*** Opening of Recorded data ***

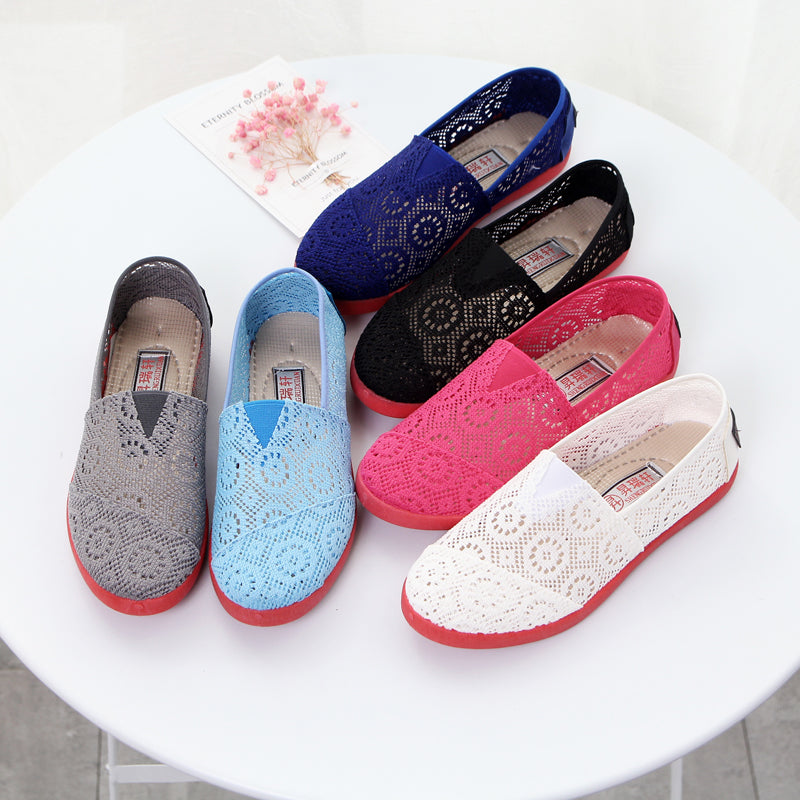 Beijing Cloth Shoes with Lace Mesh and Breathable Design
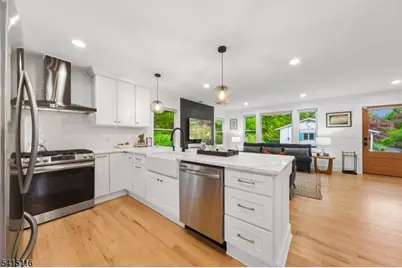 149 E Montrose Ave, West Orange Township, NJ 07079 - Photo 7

*** Close of Recorded data ***
*** Opening of Recorded data ***

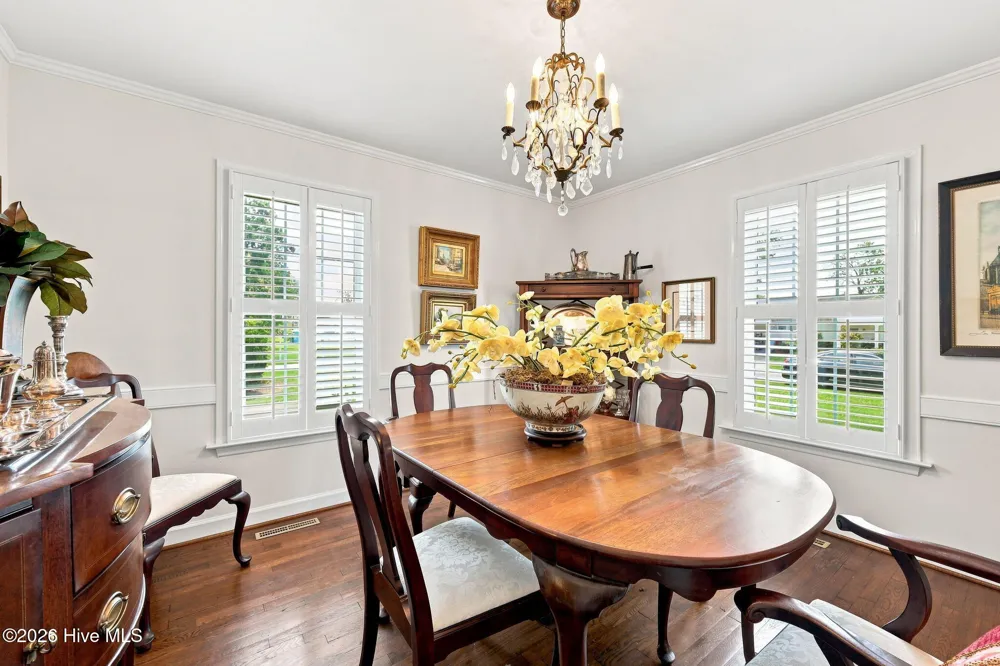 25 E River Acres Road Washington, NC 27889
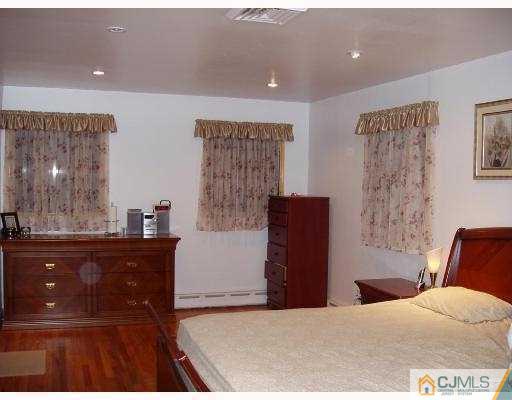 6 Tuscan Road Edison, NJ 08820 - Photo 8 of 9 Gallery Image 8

*** Close of Recorded data ***

**Work task**
Out of the records above, please copy exactly the lines from the line with "25 E River Acres Road Washington, NC 27889" up to and including the line with "6 Tuscan Road", minus the pictures.

**Answer area**
 25 E River Acres Road Washington, NC 27889
 6 Tuscan Road Edison, NJ 08820 - Photo 8 of 9 Gallery Image 8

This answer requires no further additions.